Tag Archives: Satie

Howard Goodall is wrong

It was Mozart who wrecked music, not Schoenberg. I heard Goodall attacking Schoenberg on Start the Week a while ago as making music inaccessible to people like me with no musical education. However, he speaks as someone with such an education and has no idea what music sounds like to us. I grew up thinking classical music was boring but gradually came across music that had some of the excitement of pop music, such as Mahler’s symphonies and Stravinsky’s Rite of Spring. Then in the sixth form we watched a series by Peter Maxwell Davies on modern music. His ensemble, Fires of London, played Schoeberg’s Pierrot Lunaire and I was knocked out. I later discovered that there was some wonderful music before classicism too after a friend took me to see Monteverdi’s Orfeo and I’m really looking forward to Charpentier’s Medea from the ENO on Friday.

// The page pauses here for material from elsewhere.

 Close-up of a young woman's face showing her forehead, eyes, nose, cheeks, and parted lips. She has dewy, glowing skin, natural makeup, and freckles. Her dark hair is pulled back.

I was thinking about this after noticing that tonight’s Ashton mixed bill by the Royal Ballet includes ballets by both the wonderful Satie and his antithesis Liszt – will the latter send me to sleep like the Chopin nearly did? Satie was one of the first to break out of classical formality, abandoning keys and time signatures for much of his music. He made sure every note mattered whilst Liszt never made do with a single note when he could squeeze in five. Goodall’s list of ten great pieces of music includes Liszt but not Satie. To give him credit, he does include Stravinsky’s wonderful “les Noces” which I saw last year and went back to watch again the following evening.